--- START ---
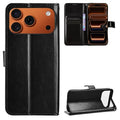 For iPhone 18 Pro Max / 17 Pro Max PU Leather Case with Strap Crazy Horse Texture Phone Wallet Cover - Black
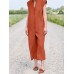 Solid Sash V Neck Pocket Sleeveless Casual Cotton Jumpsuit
--- END ---
--- START ---
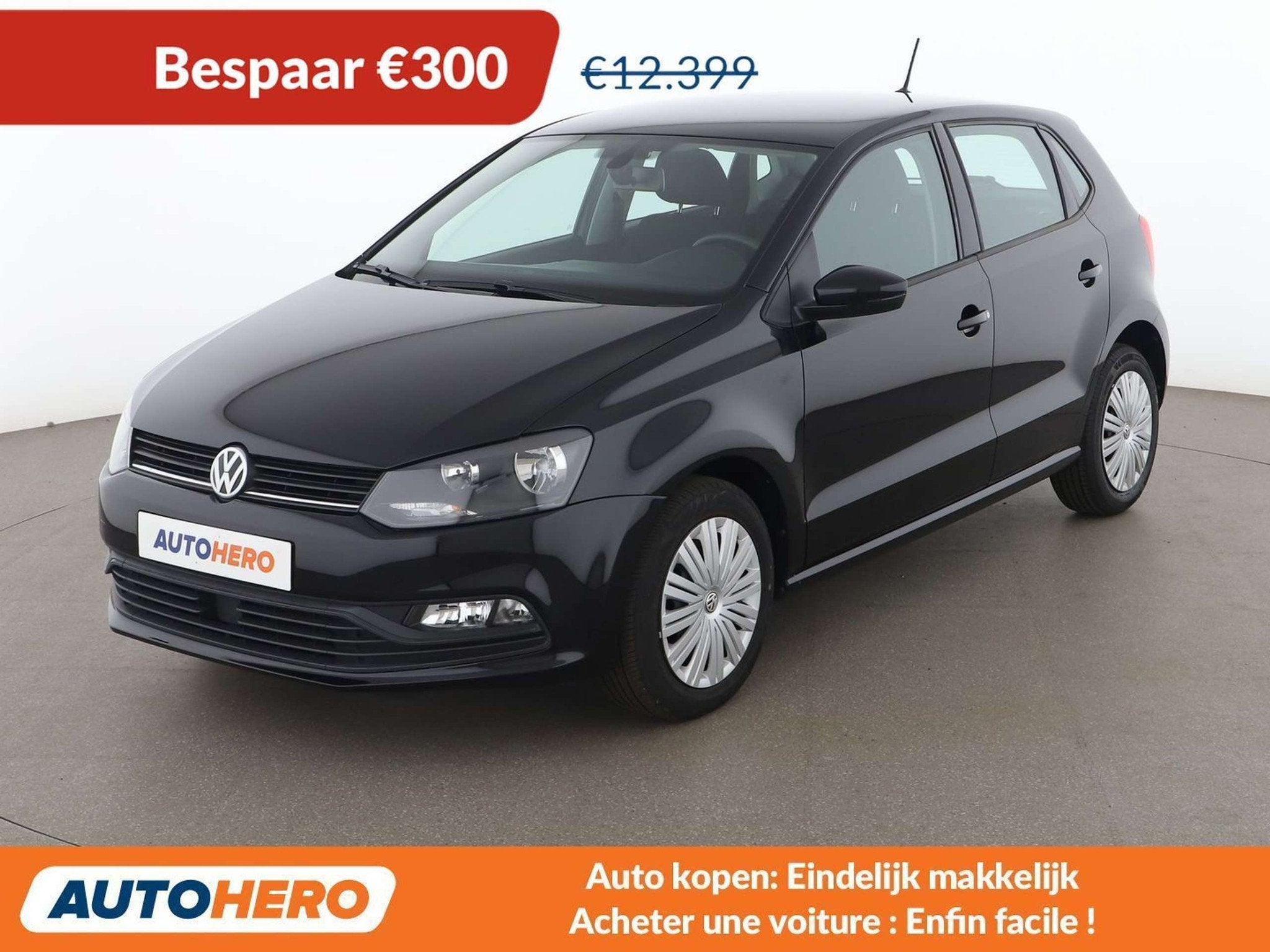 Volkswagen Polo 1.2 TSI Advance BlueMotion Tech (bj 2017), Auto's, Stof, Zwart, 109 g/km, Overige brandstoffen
--- END ---
--- START ---
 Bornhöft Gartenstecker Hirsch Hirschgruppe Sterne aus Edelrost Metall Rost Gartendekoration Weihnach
--- END ---
Copy only these lines from the records above, exactly: the one with "For iPhone 18", the one with "Solid Sash V", and those between. Skip the pictures.

 For iPhone 18 Pro Max / 17 Pro Max PU Leather Case with Strap Crazy Horse Texture Phone Wallet Cover - Black
 Solid Sash V Neck Pocket Sleeveless Casual Cotton Jumpsuit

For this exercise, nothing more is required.